André Marinho se endireita, franze o cenho e emite uma voz idêntica à do presidente Jair Bolsonaro. Fala de "maricas", hemorroidas e de "queimar o Supremo Tribunal Federal".
As risadas explodem. Mas este apresentador carioca, de 27 anos, não só quer divertir. Bolsonarista arrependido, quer tirar seguidores do presidente, embora isto também tenha lhe rendido críticas.
Tudo começou durante a campanha que levou Bolsonaro ao poder em 2019. André teve um "acesso privilegiado" ao candidato, graças ao seu pai, o empresário e político Paulo Marinho, que integrava então o círculo de confiança do hoje presidente.
Isso lhe serviu para alimentar seu personagem e o próprio Bolsonaro chegou a elogiar a imitação. Mas atualmente, ele lamenta aquela aproximação.
Eu me arrependo de tê-lo apoiado. Quero usar o humor para conseguir 'desintoxicar' pelo menos um bolsonarista até 2022.
Em seu entendimento, Bolsonaro "provou ser mais do mesmo e traiu tudo o que ele prometeu", afirma Marinho. A um ano das eleições presidenciais, o presidente tem apenas 22% de popularidade, devido sobretudo à sua gestão da pandemia, que já deixou quase 600.000 mortos, e a crise econômica.
Um humor "subversivo"
Marinho usa um humor que define como "subversivo" para tentar "expor as contradições, as peculiaridades e as bizarrices" presentes, segundo ele, no discurso de Bolsonaro, e nos dos demais políticos.
Isso, no entanto, lhe rende críticas: "Você é realmente patético!!!"; "Não posso chamá-lo de palhaço para não ofender o palhaço" são alguns dos comentários publicados no Twitter e no YouTube.
Mas Marinho, formado em direito no Ibmec de São Paulo, também recebe elogios de suas centenas de milhares de seguidores nas redes sociais e no YouTube, onde tem 268.000 assinantes.
Ele lançou seu canal na plataforma no meio da campanha eleitoral de 2018 para exibir o talento que desenvolveu desde criança e com o qual queria abrir caminho no mundo artístico.
Seu "momento Eureka", lembra, foi a imitação do ex-presidente Luiz Inácio Lula da Silva aos 8 anos. Mas uma conversa fictícia entre Donald Trump e Bolsonaro, quando ele se recuperava de uma facada sofrida durante a campanha, foi a primeira a viralizar.
Seu trabalho lhe rendeu um espaço na rádio paulista Joven Pan, alinhada ao governo.
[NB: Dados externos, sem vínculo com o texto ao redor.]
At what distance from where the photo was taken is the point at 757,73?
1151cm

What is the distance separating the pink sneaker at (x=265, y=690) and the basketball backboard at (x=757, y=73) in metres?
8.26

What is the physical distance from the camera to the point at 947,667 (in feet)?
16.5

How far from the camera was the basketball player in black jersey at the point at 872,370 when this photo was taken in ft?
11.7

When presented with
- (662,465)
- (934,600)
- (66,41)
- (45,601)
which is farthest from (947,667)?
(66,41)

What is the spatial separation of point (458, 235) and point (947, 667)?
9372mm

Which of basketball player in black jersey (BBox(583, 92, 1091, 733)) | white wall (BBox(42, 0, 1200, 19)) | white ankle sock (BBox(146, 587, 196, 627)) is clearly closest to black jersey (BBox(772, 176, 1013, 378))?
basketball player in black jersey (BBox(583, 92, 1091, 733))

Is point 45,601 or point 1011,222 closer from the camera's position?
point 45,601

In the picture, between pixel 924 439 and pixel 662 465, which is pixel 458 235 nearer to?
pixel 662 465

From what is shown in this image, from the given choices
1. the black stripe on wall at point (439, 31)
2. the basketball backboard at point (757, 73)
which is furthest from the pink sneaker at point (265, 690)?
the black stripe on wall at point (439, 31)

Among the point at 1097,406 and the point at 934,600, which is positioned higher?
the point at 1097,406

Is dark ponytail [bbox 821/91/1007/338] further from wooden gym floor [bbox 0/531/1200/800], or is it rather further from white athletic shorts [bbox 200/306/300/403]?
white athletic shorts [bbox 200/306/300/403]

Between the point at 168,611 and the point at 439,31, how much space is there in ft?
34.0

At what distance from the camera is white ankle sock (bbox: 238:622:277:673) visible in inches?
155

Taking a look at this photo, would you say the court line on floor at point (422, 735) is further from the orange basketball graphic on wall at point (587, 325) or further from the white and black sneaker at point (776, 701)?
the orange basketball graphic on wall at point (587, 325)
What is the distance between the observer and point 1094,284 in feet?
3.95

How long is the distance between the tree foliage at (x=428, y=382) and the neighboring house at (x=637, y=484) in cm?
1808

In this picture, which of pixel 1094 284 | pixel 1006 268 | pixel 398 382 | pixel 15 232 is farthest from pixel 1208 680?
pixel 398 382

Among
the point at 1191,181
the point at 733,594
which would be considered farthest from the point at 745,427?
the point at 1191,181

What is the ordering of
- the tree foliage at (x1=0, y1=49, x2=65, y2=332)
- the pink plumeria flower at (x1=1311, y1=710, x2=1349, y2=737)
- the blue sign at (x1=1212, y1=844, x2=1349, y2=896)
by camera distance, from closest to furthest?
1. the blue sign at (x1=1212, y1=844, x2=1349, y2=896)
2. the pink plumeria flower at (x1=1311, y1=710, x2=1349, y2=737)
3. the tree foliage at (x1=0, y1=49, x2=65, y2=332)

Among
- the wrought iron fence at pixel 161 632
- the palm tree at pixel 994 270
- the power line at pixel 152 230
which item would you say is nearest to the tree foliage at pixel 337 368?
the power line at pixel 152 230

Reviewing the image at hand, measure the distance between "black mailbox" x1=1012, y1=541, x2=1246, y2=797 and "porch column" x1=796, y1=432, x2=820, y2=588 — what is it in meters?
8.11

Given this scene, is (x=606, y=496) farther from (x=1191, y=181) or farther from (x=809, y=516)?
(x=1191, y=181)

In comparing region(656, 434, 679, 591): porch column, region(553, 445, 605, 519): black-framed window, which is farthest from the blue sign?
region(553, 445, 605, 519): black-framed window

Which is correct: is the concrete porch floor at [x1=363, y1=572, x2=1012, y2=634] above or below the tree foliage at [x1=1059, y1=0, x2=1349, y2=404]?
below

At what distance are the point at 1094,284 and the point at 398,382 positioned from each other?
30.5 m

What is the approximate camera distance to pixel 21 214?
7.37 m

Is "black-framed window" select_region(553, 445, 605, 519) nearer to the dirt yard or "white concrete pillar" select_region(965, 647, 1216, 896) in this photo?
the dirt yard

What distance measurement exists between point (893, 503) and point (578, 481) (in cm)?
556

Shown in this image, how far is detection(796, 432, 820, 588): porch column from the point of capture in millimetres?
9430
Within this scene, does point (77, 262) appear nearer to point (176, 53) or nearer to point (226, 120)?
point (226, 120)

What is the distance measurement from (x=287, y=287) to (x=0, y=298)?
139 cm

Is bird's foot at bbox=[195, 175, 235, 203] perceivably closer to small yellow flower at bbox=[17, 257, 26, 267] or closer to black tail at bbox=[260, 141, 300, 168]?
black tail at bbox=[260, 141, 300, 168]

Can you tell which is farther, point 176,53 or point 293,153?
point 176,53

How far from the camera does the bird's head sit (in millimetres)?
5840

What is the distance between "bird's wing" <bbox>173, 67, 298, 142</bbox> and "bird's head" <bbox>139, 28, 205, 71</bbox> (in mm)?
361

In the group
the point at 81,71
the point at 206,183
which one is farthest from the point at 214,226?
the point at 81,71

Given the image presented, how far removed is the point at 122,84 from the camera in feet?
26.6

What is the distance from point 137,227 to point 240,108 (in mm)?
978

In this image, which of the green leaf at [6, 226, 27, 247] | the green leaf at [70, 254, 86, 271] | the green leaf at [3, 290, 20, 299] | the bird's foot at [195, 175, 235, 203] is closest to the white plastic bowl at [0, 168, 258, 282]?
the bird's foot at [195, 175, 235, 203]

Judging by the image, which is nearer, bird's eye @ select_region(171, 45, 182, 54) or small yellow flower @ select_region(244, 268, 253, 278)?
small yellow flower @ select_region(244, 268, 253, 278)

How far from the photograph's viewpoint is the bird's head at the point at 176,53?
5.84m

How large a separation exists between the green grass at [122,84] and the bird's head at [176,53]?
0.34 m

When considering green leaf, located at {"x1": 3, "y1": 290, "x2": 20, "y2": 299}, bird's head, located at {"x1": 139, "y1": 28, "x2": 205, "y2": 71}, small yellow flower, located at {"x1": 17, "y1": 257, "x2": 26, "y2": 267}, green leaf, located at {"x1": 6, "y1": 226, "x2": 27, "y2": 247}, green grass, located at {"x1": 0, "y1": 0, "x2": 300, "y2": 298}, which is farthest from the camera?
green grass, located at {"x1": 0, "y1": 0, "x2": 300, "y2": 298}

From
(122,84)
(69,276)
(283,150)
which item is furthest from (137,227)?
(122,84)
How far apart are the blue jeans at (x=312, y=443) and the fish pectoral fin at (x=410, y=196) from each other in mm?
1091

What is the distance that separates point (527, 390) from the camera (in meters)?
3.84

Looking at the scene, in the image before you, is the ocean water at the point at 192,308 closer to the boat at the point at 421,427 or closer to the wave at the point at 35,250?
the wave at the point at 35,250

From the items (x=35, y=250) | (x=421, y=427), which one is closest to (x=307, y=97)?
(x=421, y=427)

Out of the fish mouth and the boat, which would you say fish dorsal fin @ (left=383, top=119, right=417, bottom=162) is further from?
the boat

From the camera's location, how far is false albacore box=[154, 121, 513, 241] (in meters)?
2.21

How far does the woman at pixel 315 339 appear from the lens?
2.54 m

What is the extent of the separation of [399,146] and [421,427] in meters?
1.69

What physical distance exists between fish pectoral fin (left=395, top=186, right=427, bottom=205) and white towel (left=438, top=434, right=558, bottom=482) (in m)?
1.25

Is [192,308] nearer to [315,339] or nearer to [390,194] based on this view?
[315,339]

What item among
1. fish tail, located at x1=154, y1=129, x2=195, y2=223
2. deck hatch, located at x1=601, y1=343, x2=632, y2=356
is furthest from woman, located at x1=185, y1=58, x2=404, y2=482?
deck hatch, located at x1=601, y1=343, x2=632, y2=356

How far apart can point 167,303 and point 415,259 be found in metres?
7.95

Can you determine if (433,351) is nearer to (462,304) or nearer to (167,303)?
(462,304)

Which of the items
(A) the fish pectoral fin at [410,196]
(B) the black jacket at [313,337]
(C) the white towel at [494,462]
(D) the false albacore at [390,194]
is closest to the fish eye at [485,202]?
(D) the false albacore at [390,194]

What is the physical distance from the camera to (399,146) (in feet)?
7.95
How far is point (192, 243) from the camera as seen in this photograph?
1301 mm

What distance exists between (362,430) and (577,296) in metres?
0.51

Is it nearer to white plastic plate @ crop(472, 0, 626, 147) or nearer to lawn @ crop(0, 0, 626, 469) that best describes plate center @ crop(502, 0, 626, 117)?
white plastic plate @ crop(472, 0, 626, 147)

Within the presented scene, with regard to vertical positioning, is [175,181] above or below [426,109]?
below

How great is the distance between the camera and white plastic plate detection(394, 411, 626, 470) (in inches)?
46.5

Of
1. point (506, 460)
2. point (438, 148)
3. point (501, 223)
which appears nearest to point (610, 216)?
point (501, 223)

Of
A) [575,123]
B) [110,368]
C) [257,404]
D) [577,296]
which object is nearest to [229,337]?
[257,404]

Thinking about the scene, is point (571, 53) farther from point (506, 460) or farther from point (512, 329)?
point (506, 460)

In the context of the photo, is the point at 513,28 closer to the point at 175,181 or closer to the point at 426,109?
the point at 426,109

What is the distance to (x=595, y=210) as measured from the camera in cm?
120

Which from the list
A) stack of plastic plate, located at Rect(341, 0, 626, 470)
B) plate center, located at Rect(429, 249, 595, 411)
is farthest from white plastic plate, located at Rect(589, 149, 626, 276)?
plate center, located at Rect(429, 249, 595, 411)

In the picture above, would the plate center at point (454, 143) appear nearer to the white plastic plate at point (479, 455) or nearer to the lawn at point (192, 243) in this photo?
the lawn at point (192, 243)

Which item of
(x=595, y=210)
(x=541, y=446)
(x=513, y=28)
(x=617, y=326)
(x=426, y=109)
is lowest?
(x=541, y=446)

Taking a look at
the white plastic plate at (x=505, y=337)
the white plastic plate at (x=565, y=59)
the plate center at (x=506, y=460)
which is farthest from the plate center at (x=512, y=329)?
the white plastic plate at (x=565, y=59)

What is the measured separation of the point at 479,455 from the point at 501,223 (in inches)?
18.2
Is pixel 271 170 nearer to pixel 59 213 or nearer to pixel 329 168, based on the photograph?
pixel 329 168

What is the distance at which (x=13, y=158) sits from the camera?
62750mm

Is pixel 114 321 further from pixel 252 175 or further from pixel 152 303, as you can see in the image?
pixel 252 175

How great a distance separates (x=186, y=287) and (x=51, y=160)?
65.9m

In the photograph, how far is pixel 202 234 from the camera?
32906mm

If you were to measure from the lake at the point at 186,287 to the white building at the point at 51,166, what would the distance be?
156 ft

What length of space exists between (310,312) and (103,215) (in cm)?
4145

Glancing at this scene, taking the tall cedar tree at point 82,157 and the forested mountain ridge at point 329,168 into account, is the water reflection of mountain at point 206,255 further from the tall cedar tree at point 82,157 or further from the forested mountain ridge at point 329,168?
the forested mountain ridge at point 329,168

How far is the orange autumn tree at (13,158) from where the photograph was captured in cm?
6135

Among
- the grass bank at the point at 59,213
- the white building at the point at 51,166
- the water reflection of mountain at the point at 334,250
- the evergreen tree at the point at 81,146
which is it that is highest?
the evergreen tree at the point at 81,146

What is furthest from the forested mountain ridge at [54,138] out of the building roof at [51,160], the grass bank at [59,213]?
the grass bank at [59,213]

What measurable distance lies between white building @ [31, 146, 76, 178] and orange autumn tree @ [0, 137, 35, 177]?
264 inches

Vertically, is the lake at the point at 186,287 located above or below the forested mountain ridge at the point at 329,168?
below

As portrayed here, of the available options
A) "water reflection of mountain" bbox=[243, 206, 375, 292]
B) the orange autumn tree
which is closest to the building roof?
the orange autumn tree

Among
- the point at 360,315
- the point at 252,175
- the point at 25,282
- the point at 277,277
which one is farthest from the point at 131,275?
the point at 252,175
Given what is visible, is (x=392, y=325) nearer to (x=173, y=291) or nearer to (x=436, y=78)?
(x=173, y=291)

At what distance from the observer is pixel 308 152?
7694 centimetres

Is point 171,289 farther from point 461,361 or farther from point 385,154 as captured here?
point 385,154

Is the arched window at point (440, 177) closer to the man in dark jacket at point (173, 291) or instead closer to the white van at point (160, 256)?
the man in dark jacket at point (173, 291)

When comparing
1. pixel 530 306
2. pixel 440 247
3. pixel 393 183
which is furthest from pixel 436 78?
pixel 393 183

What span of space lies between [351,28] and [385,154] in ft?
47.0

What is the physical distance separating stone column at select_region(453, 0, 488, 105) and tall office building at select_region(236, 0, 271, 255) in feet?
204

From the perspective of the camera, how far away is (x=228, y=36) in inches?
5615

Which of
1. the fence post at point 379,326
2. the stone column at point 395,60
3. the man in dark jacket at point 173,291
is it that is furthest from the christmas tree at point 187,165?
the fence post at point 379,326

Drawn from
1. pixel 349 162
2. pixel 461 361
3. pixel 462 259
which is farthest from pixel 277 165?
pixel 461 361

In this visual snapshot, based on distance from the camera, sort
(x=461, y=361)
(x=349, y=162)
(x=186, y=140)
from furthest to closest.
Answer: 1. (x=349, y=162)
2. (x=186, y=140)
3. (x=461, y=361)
Mas agora, até mesmo nessa emissora, ele se tornou uma ferramenta para "desintoxicar" os seguidores com vistas às eleições presidenciais do ano que vez, diz Marinho.
"O presidente Bolsonaro me dá um material infindável dia após dia de formas de poder zombar, fazer graça do discurso dele", diz Marinho, que despeja ironias baseadas no estilo incendiário do mandatário.
Daí sua referência a "queimar" o Supremo Tribunal Federal, alvo favorito do presidente há meses, devido às várias investigações contra ele e seus aliados, como a difusão de notícias falsas; ou as piadas para denunciar seus comentários homofóbicos.
Perto do poder
Dessa forma, Marinho tenta reverter a ascensão do ex-capitão do Exército, gestada, entre muitos outros lugares, na casa de sua família no Rio de Janeiro. Seu pai é, inclusive, o primeiro suplente do senador Flávio Bolsonaro (Patriota-RJ), um dos filhos do presidente.
Mas meses após a vitória nas eleições, a ruptura entre as duas famílias foi taxativa.
Consolidado em seu novo papel, o imitador diz que não apoiará nenhum candidato no ano que vem. No entanto, já participou da pré-campanha: em 12 de setembro, personificou o presidente em uma manifestação "Fora Bolsonaro" convocada pela oposição.
Também "sem endosso", esclarece, participou recentemente de um jantar com políticos e empresários, que o impulsionou definitivamente para a fama, devido ao vazamento de um vídeo que viralizou mostrando o ex-presidente Michel Temer rindo às gargalhadas da sátira de Marinho. Por isso, segundo vários veículos de comunicação, Temer teve que dar explicações ao presidente.
"Me chamaram de bobo da corte. Mas retruco as críticas com risadas. O bobo da corte era a figura na Idade Média que não só se sentava junto aos monarcas, mas conseguia expressar os sentimentos latentes no povo", diz Marinho.
O jovem ator está convencido: "O humor tem o poder de redimir, de tentar sarar a sociedade brasileira", profundamente dividida.